Pompeo had made it clear that the US was uncomfortable with the growing levels of Russian and, in particular, Chinese influence in the Caribbean and northern South America. The US now wants to muscle its way in to capitalize of the largest portion of the investment pie now that the two are part of one of the world’s richest offshore basins, containing more than 15 billion barrels of oil so far.
Washington this week sent high level teams from six separate American state departments to Guyana and Suriname, indicating to government and private sector organizations that up to US$200 billion dollars could be available in loans and grants to the region’s largest and most resource-rich nations.

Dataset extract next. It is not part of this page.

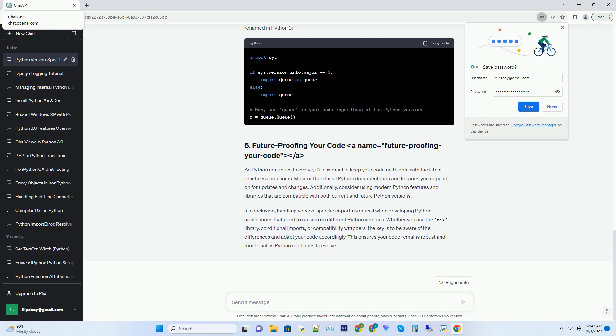Conditional imports allow you to choose which module or code block to execute based on the Python version. For instance, if you need to use the urllib module differently in Python 2 and 3, you can do the following.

The departments included Treasury, the Export-Import Bank, USAID, State, Homeland Security and the International Development Finance Corporation.
“We looked at the quantum of funds they can lend. From all the agencies in the room, we would be able to access US$200 billion,” Private Sector Chair Nicholas Boyer told reporters after a joint presser in Georgetown on Tuesday.

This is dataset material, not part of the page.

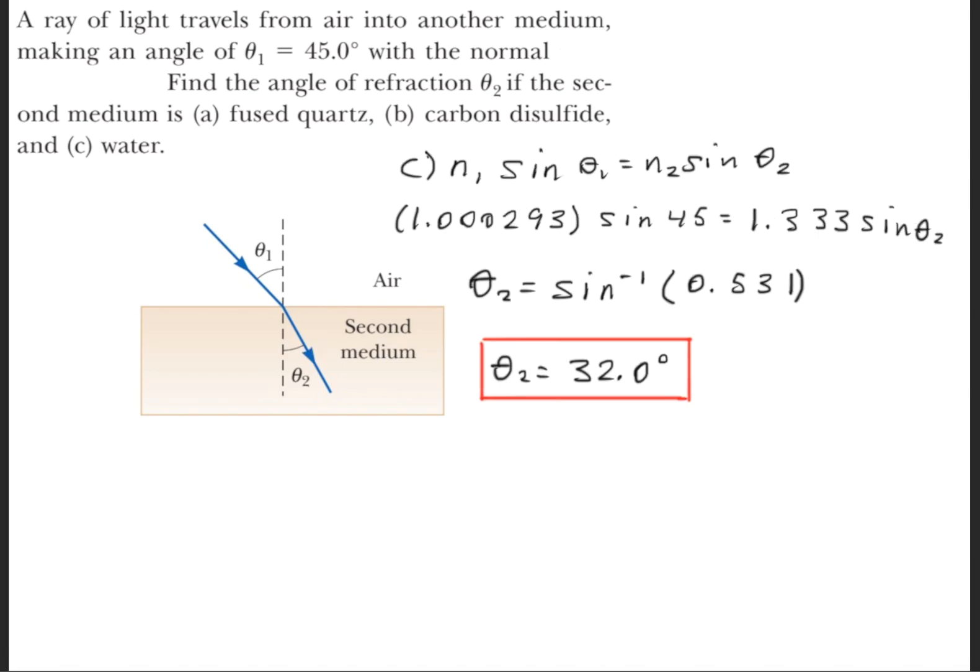We'll go ahead and repeat the same procedure for part C. The index of refraction for water is 1.333, and we find that the angle is 32 degrees.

Surinamese officials echoed similar sentiments after talks with the same delegation, noting that relations with Suriname which has traditionally preferred closer ties with ‘mother country’, The Netherlands, have never been closer, facilitated in large part with the late May election defeat of former military strongman Desi Bouterse. The US had politically despised Bouterse.
Pompeo had pulled no punches in indicating that the US was glad to see the back of Bouterse and was ready to embrace the new administration and muscle out China and other rivals vying for the massive business and investment opportunities that should flow from oil and gas becoming Suriname’s largest industry in about a decade.
“This is the first time that six American government agencies are simultaneously on a mission in Suriname. This is historic and it highlights how seriously the United States (US) takes its relations with Suriname,” said team leader Michael Boehler told local De Ware Tijd newspaper. He is the CEO of the finance bank.
The issue of support for America’s foreign policy to Venezuela did come up during the visit to the two, in Guyana in particular because it shares a border with Venezuela and has a decades old territorial dispute but Pompeo had also said he was visiting to clear the way for American investors to take advantage of large infrastructure projects such as offshore support for rigs, seismic vessels, office space, heavy machinery acquisition, housing for expatriate families and onshore facilities among other areas.
Guyana in mid 2015 found a humungous amount of sweet, light high quality offshore through American supermajor ExxonMobil and a consortium drilling nearly 20 large wells. Actual production and oil exports began in late December of last year. Preparations are underway for production from at least two other fields over the next three years, while a slew of other companies are also lining up to drill wells in fields near Exxon’s.
In neighboring Suriname, US owned Apache Oil and Tullow of the United Kingdom have blazed a trail of several successful wells that contain similar high quality to Guyana, triggering widespread excitement globally. Other companies are also trying to win concessions. Suriname has tons of experience with oil as it has had a 160,000 barrel per day sector for nearly 40 years. Authorities were drilling for water when oil gushed from the ground in western districts near Guyana.